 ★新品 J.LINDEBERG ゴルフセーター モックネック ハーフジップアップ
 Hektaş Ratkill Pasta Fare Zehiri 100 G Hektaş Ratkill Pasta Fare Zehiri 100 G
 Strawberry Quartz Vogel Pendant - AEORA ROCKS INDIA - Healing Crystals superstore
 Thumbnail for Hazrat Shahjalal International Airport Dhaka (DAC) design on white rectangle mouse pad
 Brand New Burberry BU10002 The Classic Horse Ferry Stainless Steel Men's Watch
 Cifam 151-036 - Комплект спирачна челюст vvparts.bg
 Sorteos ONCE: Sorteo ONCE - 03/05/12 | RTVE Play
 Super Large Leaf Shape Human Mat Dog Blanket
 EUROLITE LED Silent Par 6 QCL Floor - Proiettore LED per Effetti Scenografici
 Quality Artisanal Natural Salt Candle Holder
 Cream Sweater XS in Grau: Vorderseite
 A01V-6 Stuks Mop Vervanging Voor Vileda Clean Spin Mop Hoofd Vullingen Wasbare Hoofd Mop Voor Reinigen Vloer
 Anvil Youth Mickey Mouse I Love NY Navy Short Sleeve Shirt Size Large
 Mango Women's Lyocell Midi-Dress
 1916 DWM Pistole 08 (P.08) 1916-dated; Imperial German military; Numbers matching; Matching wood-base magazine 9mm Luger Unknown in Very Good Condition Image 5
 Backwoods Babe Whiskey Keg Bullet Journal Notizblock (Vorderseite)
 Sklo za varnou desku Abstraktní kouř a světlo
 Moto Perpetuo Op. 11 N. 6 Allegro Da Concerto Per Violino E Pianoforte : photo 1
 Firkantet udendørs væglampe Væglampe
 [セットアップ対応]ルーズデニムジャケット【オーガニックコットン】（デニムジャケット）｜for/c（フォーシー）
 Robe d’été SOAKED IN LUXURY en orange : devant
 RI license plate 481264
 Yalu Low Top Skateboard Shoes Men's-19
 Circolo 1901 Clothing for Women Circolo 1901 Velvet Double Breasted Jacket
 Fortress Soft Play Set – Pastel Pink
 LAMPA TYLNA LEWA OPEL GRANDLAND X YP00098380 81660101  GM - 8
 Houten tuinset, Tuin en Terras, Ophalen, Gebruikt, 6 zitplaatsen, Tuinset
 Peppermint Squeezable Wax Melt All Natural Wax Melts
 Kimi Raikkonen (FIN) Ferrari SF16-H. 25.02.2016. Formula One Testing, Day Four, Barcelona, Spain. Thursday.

Assignment:
Out of the data above, set down the lines from the one with "Super Large Leaf Shape Human Mat Dog Blanket" to the one with "Mango Women's Lyocell Midi-Dress", both included, exactly as written and with no additions.

Result for this task:
 Super Large Leaf Shape Human Mat Dog Blanket
 EUROLITE LED Silent Par 6 QCL Floor - Proiettore LED per Effetti Scenografici
 Quality Artisanal Natural Salt Candle Holder
 Cream Sweater XS in Grau: Vorderseite
 A01V-6 Stuks Mop Vervanging Voor Vileda Clean Spin Mop Hoofd Vullingen Wasbare Hoofd Mop Voor Reinigen Vloer
 Anvil Youth Mickey Mouse I Love NY Navy Short Sleeve Shirt Size Large
 Mango Women's Lyocell Midi-Dress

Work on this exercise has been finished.